Putin - Hitler's Dwarfen HeirThe last blog article simply stated the obvious detail that anyone of sound mind will already be aware of. Vladimir Putin is a f**king w*nker.

A BBC article gives some technical info which explains this fact in more precise detail.

Ukraine has fought back much harder during the first week than Vladimir Putin expected, or very probably than his generals promised him, it would…

Ukraine has proved a hard nut to crack, and the reaction of Western countries, particularly Germany, has been far fiercer than he thought. Russia’s economy has already been savagely hit. Putin’s one big friend, China, now seems worried that this Western upsurge of anger might, one day, be turned against China itself – and that serious damage could be done to the Chinese economy. It has already distanced itself from the invasion…

Finland and Sweden could both end up joining the alliance for their own protection. Putin launched this war in part to stop Ukraine one day joining NATO, but he could find more NATO members on his north-western border.

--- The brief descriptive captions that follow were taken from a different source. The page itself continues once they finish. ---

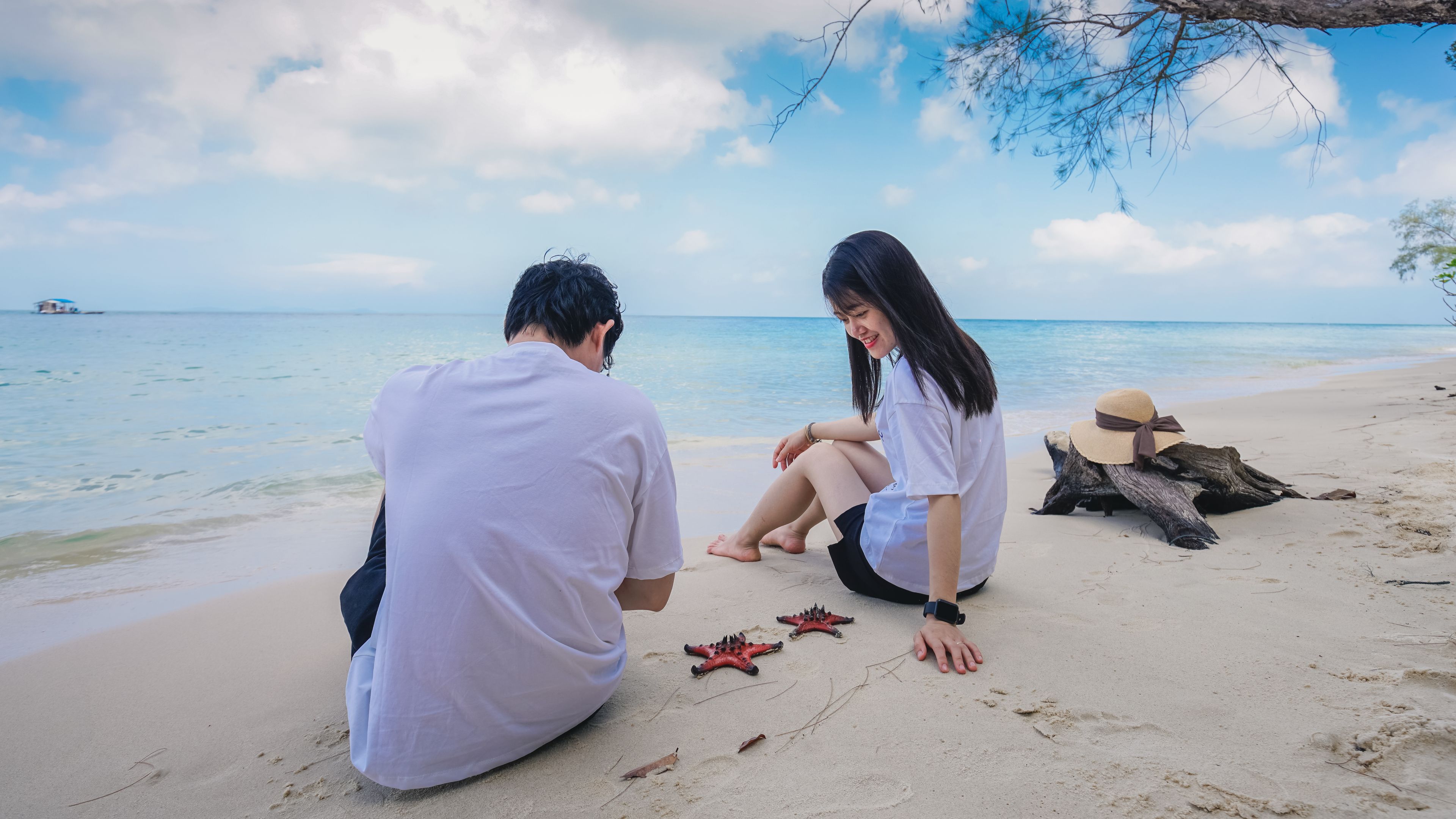 A young couple is sitting quietly on a sandy beach
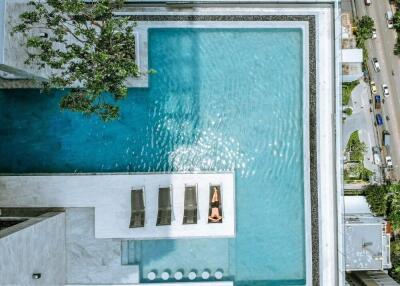 Aerial view of a swimming pool with a person sunbathing on a lounge chair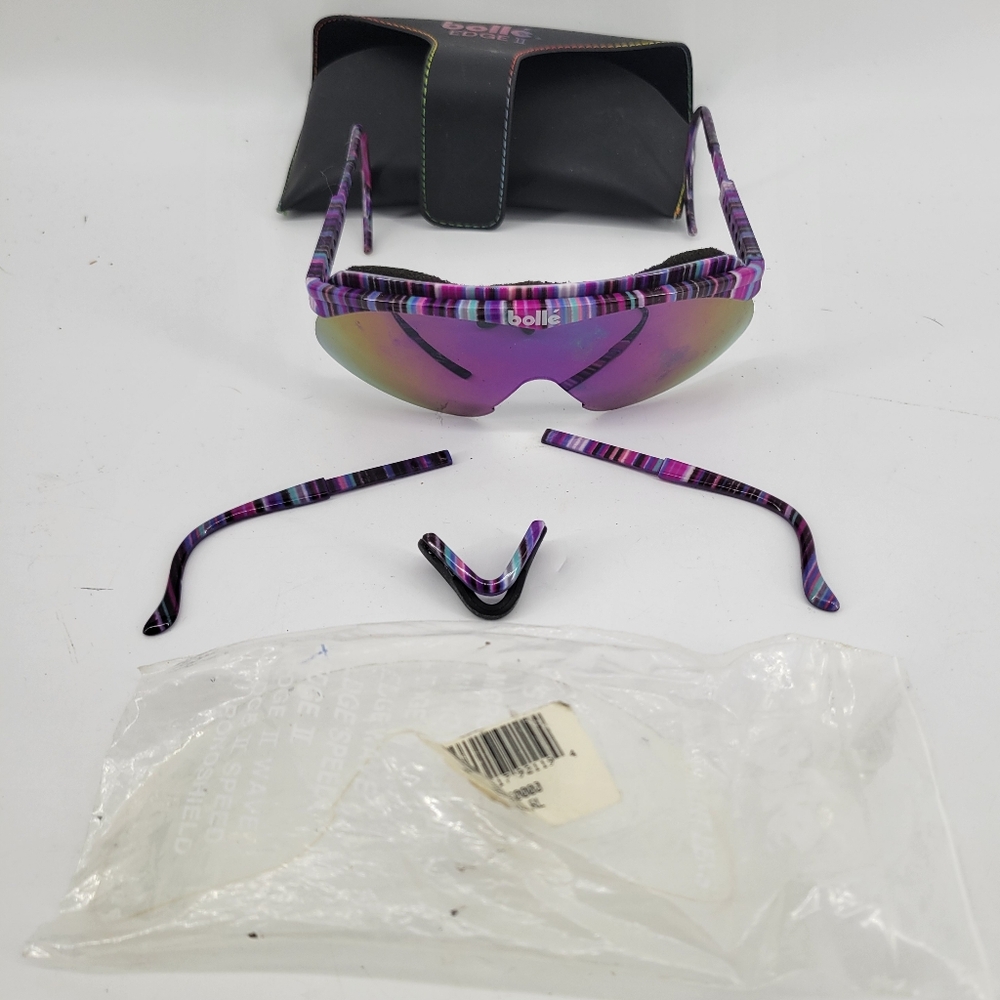 Bolle Edge II Sunglasses.  Comes with Case,  Extra Ear Wires, and Clear Glass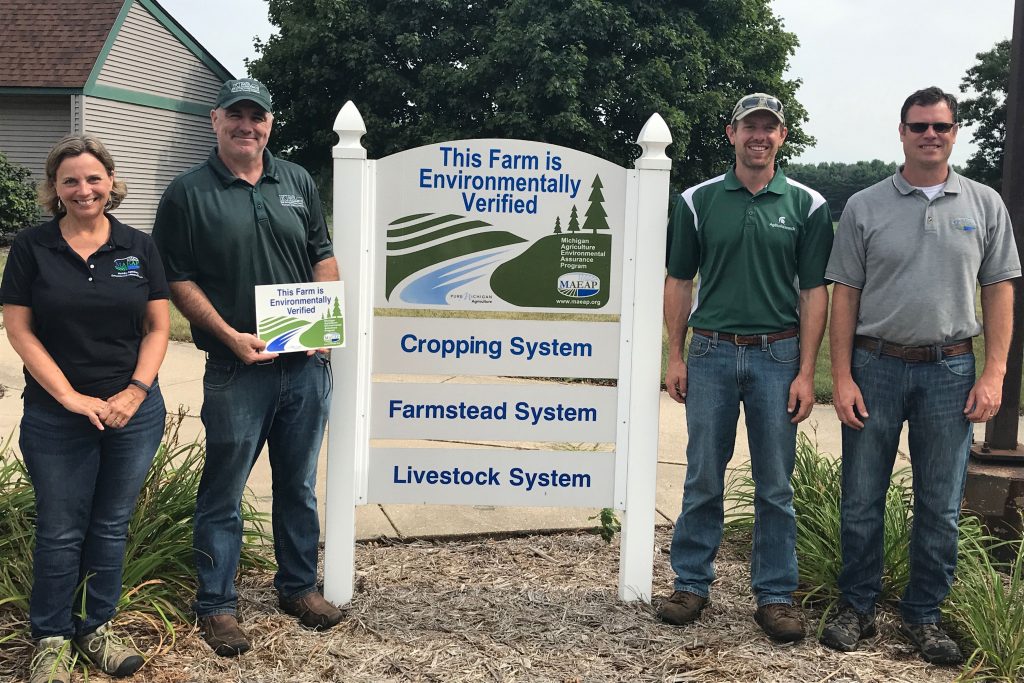 Two State of Michigan agriculture and rural development staff members stand with Kellogg Farm managers Straub and Wilke around the Kellogg Farm's environmental verification sign.
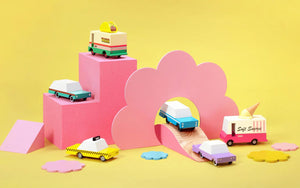 Candylab wooden toy cars and trucks in colourful imaginative play setup – handcrafted vintage-style vehicles including taxi, ice cream truck, and classic cars for creative and open-ended play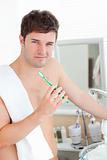 Positive young man with a towel brushing his teeth in the bathro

It doesn’t mention that huge swathes of Russian people are also opposed to his pathetic and diminutive Soviet-era mind. He has screwed up big time. He has fu*ked himself, and he has fu*ked Russia. And he won’t stop fu*king anyone, because he is a complete w*nker.

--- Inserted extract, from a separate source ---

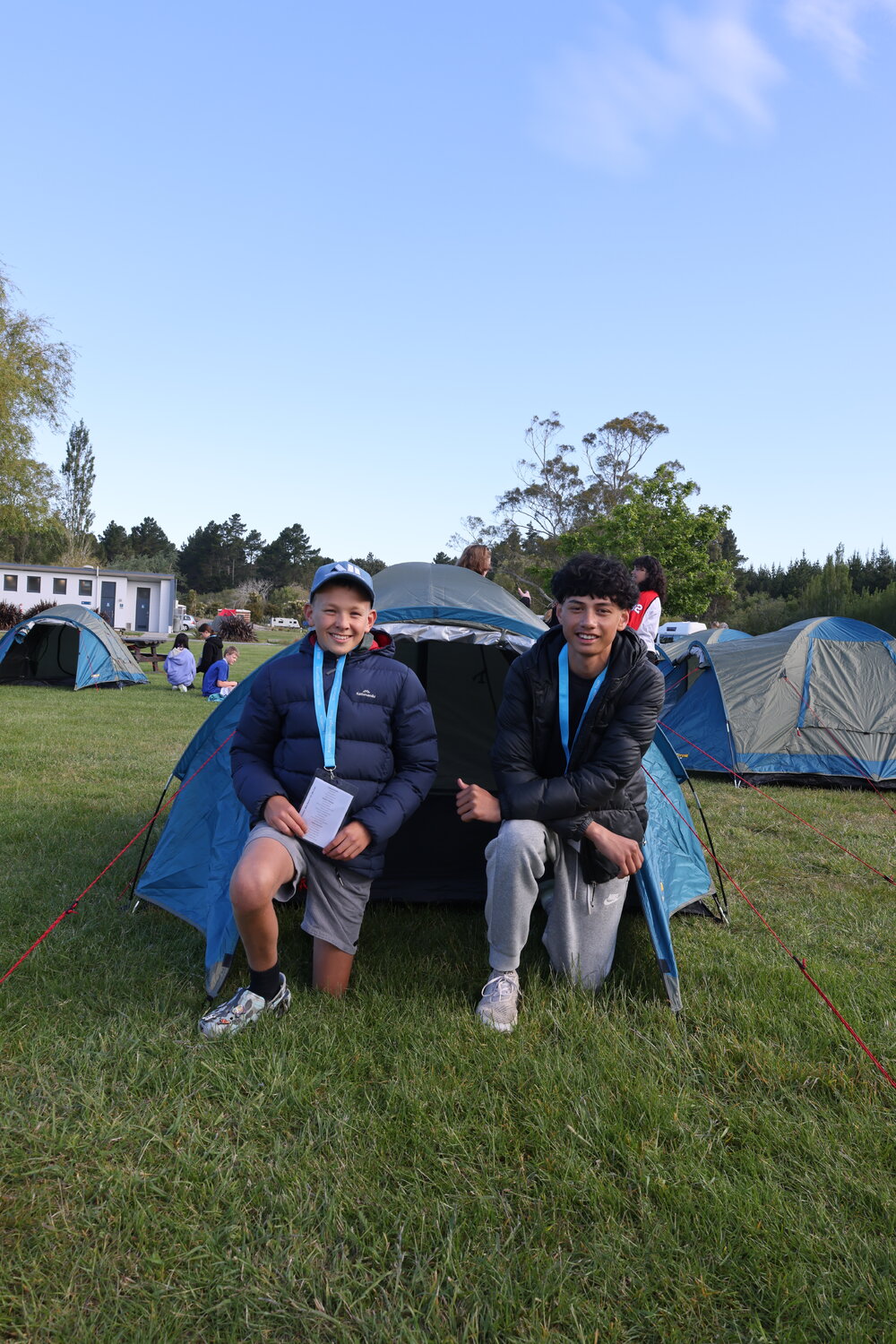 Young Inspiring Explorers with their pitched tent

He has already threatened the use of nuclear weapons. This is absolute proof he is not of sound mind and needs to be stopped before he can use them. Because if he is backed into a corner, like the pathetic midget he is (he wears elevators in his shoes, by all accounts), he would undoubtedly use them. There would be nowhere else for him to go.

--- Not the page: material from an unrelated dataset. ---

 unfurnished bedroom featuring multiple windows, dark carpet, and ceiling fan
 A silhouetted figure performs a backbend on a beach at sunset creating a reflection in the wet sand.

I don’t want to spell it out completely, but the abstract phrase ‘an ass in a nation’ comes fairly close to what is really needed right now.

Everyone is completely sympathetic to Ukraine’s plight in the face of this madman. But the West cannot get directly involved because of the modern risk – some would say the ‘certainty’ – that Putin would push the nuclear button if he were anywhere near losing. The fact that he’s already threatened it is enough for that to be beyond debate.

Eighty years ago, the last complete madman we had to deal with put a bullet in his own head to avoid being pulled up on crimes against humanity.

This one would push the button to achieve the same thing – but with greater consequences to humanity than a loud bang in one of the back rooms of a bunker. In a way, that gives Putin the height he lacks in the physical sense: he is head and shoulders worse than Hitler.

Putin is the vilest of creatures. Even extinction would be too good for him – but better for the rest of the World. And all Russians.

And his extinction is the only rational solution.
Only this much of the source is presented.